Un nodo strutturale messo in luce dalla Cgil riguarda lo squilibrio tra pensioni assistenziali/maggiorate e pensioni contributive basse.

Le pensioni integrate al minimo e le maggiorazioni sociali sono esentasse e arrivano nel 2026 a circa 770 euro netti al mese, grazie alla perequazione e all’aumento strutturale della legge di bilancio.

Al contrario, chi ha una pensione contributiva di poco superiore agli 8.500 euro annui – soglia della no tax area, ferma da anni – paga Irpef e vede gli aumenti neutralizzati dal prelievo.

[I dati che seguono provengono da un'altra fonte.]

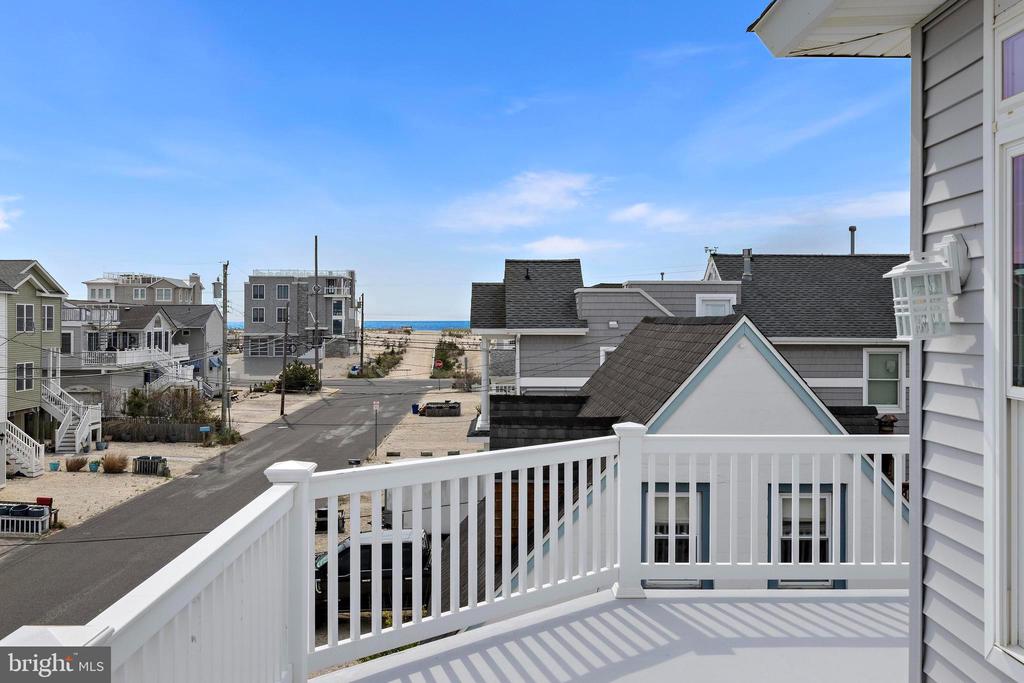 14 W JACQUELINE AVENUE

Tre casi esemplari della Cgil lo mostrano con chiarezza:

  • Pensione A (contributi bassi + integrazione + maggiorazioni): 749 euro netti

  • Pensione B (più contributi, piccola maggiorazione): 710,47 euro netti

  • Pensione C (contributi più alti, nessuna maggiorazione): 745,97 euro netti

Chi ha lavorato e contribuito di più può trovarsi con meno in tasca rispetto a chi percepisce prestazioni assistenziali. Un effetto indesiderato prodotto dall’assenza di coordinamento tra perequazione, fisco e maggiorazioni sociali.

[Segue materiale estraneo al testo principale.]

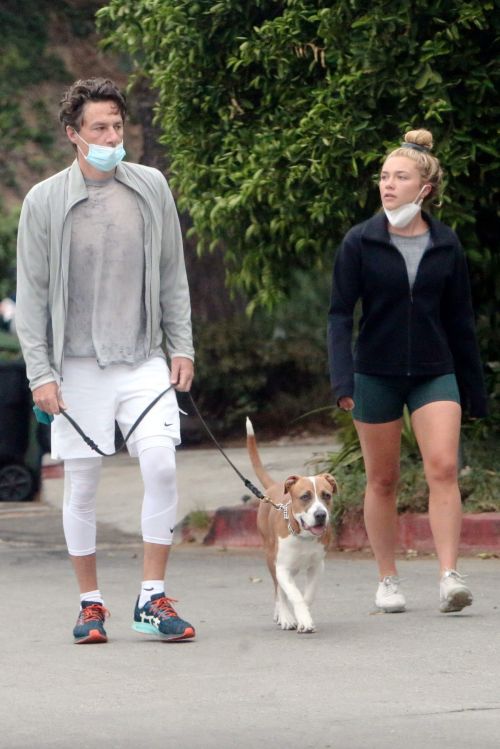 Florence Pugh and Zach Braff Out with Their Dog in Los Angeles 2020/10/23 3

La posizione della Cgil: servono interventi strutturali

La segretaria confederale Lara Ghiglione e il segretario nazionale Spi Lorenzo Mazzoli chiedono al Governo misure concrete e non “operazioni di facciata”. Due le priorità principali:

1. Rafforzare e ampliare la quattordicesima mensilità

Strumento considerato essenziale per sostenere i redditi pensionistici più bassi.

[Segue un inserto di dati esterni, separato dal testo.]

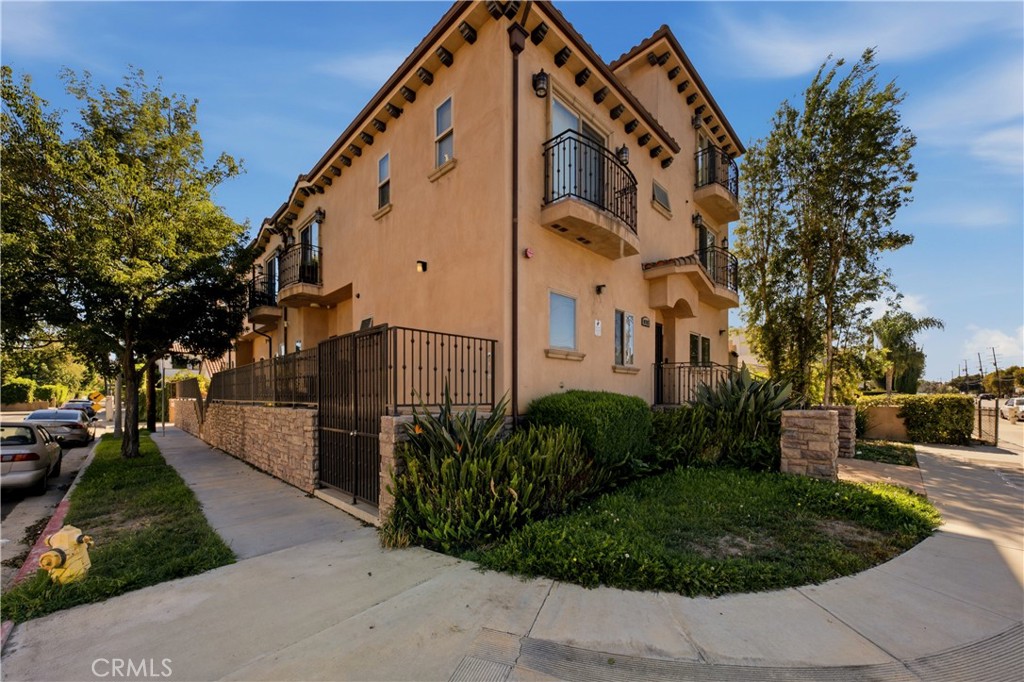 14702 Magnolia Boulevard 105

2. Estendere la no tax area per i pensionati

Gli aumenti reali vengono oggi assorbiti dall’Irpef, e le pensioni più basse scivolano nella povertà.

Il sindacato contesta anche la “narrazione” governativa su flessibilità in uscita e superamento della Fornero: dietro gli slogan – afferma – “non c’è una riforma, ma un arretramento dei diritti”. Inoltre, dal 2027 l’età pensionabile salirà ancora, mentre gli assegni saranno più poveri.

Verso lo sciopero del 12 dicembre: pensioni al centro della mobilitazione

Gli aumenti da tre, cinque, nove, undici, diciassette euro sono per la Cgil “una vergogna” e rappresentano una delle ragioni principali dello sciopero generale del 12 dicembre, che porterà in piazza il tema delle pensioni insieme a salari e precarietà.